Section 6 - POWERS OF DIRECTORS: In addition to the powers and authorities
conferred upon them by these Bylaws, the Articles of Incorporation, or by statute, the
Board of Directors shall have the power to do all lawful acts necessary and expedient to
the conduct of the business of this Association.
Section 1 - NUMBER AND OFFICES: The officers of the Association shall be a
President, a Vice-President, a Secretary, a Treasurer and such other officers as may be
from time to time determined by the Board of Directors. Any two (2) offices, except
those of President and Vice-President and those of President and Secretary, may be held
by one (1) person.
Section 2 - ELECTION, TERMS OF OFFICE AND QUALIFICATIONS: At
their organizational meeting, the first Board of Directors shall elect one of their number
as President of the Association, and from within or without their number they shall elect a
Vice-President, Secretary and Treasurer of the Association. Thereafter, officers of the
Association shall be elected at each Annual Meeting of the Board of Directors. The
President of the Association must be a member of the Board of Directors. The officers of
the Association shall hold office until the next Annual Meeting of the Board of Directors
or until their successors are elected and qualify in their stead. Any officer elected or
appointed by the Board of Directors may be removed from office at any time by the
affirmative vote of a majority of the entire Board of Directors, with or without cause.
Section 3 - PRESIDENT: The President shall be the chief executive officer of the
Association; he or she shall preside at all meetings of the members and directors; he or
she shall have general active management of the business of the Association and shall see
that all orders and resolutions of the Board are carried into effect.
Section 4 - VICE-PRESIDENT: The Vice-President, in the absence or disability
of the President, shall perform the duties and exercise the powers of the President and
shall perform such other duties as the Board of Directors shall prescribe.

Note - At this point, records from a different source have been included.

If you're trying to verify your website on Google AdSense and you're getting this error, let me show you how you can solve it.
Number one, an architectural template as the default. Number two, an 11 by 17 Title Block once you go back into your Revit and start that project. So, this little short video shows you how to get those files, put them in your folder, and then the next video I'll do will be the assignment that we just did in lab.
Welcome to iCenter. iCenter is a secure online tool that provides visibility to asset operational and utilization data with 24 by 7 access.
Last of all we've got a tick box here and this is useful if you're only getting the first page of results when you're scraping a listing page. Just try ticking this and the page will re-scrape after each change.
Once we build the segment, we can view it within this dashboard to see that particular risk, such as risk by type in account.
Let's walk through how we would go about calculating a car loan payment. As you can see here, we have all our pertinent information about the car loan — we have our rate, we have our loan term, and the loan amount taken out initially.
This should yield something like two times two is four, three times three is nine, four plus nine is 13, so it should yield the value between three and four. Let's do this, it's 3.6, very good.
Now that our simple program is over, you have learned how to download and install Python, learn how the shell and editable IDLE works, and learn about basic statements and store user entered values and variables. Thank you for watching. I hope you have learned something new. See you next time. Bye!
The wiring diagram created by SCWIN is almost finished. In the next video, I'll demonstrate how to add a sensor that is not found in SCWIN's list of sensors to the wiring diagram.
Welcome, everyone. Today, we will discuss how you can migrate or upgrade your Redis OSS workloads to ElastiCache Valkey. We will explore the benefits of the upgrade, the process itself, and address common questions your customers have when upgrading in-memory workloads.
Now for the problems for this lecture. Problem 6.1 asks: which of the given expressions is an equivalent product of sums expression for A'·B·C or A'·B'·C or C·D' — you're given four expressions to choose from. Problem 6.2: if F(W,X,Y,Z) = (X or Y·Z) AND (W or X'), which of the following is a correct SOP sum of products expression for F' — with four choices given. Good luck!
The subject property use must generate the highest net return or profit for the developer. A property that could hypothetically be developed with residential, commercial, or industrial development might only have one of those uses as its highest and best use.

Section 5 - SECRETARY: The Secretary shall attend all sessions of the Board of
Directors and all meetings of the members and record all votes and the minutes of all
proceedings in a book kept for that purpose and shall perform like duties for any standing
committee when required. He or she shall give or cause to be given notice of all
meetings of the members and of the Board of Directors and shall perform such other
duties as may be prescribed by the Board of Directors or the President, under whose
supervision the Secretary shall be.
Section 6 - TREASURER:
a. The Treasurer shall keep full and accurate account of receipts and
disbursements in books belonging to the Association, and shall deposit all moneys and
other valuable effects in the name and to the credit of the Association in such depositories
as may be designated by the Board of Directors.
b. The Treasurer shall disburse the funds of the Association as may be ordered by
the Board taking the proper vouchers for such disbursements and shall render to the
President and Directors at the regular meetings of the Board or whenever they require it
an account of all his transactions as Treasurer and of the financial condition of the
c. The Treasurer shall perform such other duties as may be prescribed by the
Board of Directors or the President under whose supervision the Treasurer shall be.

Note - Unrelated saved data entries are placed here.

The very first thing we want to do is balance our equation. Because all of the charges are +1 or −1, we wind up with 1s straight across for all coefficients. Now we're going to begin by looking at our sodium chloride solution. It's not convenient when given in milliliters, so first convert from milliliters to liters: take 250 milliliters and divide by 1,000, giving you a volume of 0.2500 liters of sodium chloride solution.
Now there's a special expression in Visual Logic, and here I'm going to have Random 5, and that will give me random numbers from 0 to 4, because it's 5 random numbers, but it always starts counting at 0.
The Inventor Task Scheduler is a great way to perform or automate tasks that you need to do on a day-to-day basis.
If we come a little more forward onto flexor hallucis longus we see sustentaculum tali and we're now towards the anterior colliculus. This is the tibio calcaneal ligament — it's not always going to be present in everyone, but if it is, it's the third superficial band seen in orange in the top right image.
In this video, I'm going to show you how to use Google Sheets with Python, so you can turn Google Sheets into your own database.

Section 7 - OFFICERS NOT TO LEND CORPORATE CREDIT: No officer of
the Association shall sign or endorse in the name of or on behalf of the Association or in
his or her official capacity, any obligation for the accommodation of any party or parties,
except upon the express direction of the Board of Directors, nor shall any check, note,
bond, stock certificate or other security or thing of value belonging to the Association be
used by any officer or director as collateral for any obligation of his or her own, or for
any purpose other than the use of the Association.

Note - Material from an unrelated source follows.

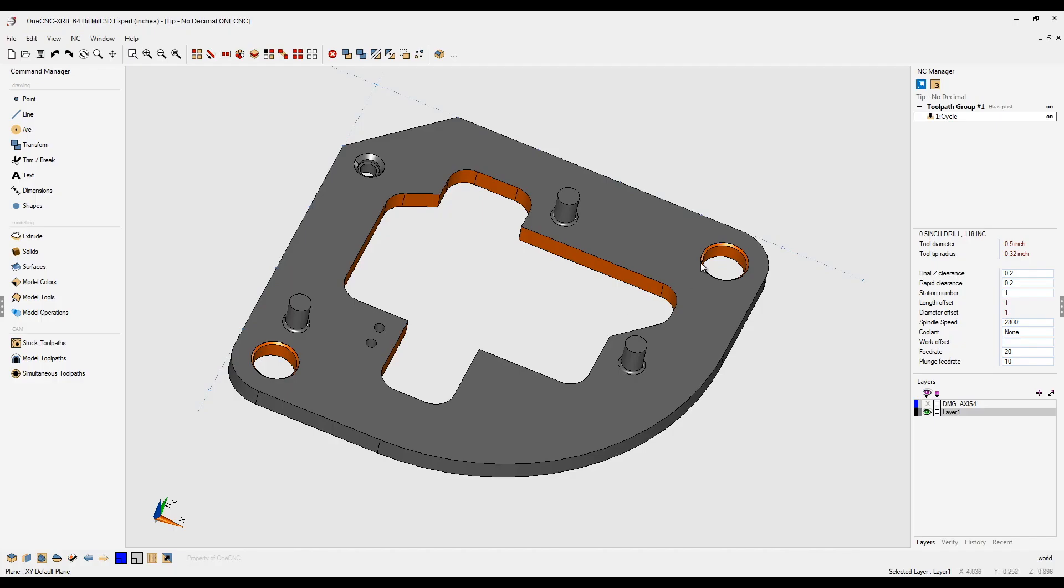Did you know that 1CNC has the powerful ability to suppress the decimal point for specific applications? Let me demonstrate.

WAIVER OF NOTICE, ACTION WITHOUT MEETINGS,
Section 1 - WAIVER OF NOTICE: A member of the Association or a Director may
execute a written waiver of any notice of any meeting required to be given by statute, by
the Articles of Incorporation, or by any provisions of these Bylaws either before, at or
after that meeting, and any such waiver when signed as hereinafter provided shall be
equivalent to such notice. Any such waiver shall be filed with the person designated to
act as Secretary of that meeting, who shall enter it upon the minutes or other records of
that meeting. Appearance at a meeting by any member or director shall also be deemed a
waiver of notice thereof, unless it appears that the appearance is solely for the purpose of
asserting the illegality of the meeting.
Section 2 - ACTION WITHOUT MEETING: Any action by the Directors or by
the members without a meeting, which is taken or authorized in writing signed by all of
the Directors, or by all of the members of the Association as the case may be, shall be
valid and effective.
DEALINGS WITH OTHER ASSOCIATIONS AND ORGANIZATIONS
In the absence of fraud, no contract or other transaction between this Association
and any other entity, and no other act of this Association, shall in any way be invalidated
or otherwise affected by the fact that one or more of the Directors or officers of this
Association are pecuniarily or otherwise interested in or are directors or officers of that
other entity. Any director or officer individually, or any partnership, association or
business entity of which any director or officer is a member or beneficiary may be a party
to or may be pecuniarily or otherwise interested in any contract or transaction of this
Association, provided the fact that he or she individually, or such partnership, association
or business entity is so interested shall be disclosed or shall have been known to the
Board of Directors or a majority thereof; and no director of this Association who is also
director or officer of any such other entity or who is so interested, or is a member or
beneficiary of a partnership, association or business entity that is so interested may be
counted in determining the existence of a quorum at any meeting of the Board of
Directors which shall authorize any such contract or transaction with like force and effect
as if he were not a director or officer of such other entity, were not so interested or were
not a member or beneficiary of the partnership, association or business entity so
Section 1 - COMMITTEES. The Association shall have such committees as the Board of
Directors shall from time to time determine. The President shall appoint the members of
the committees. Unless action has been taken as required in Section 2 hereof, the
committees shall report to the Board of Directors which shall take such actions as it
deems appropriate on the reports of such committees.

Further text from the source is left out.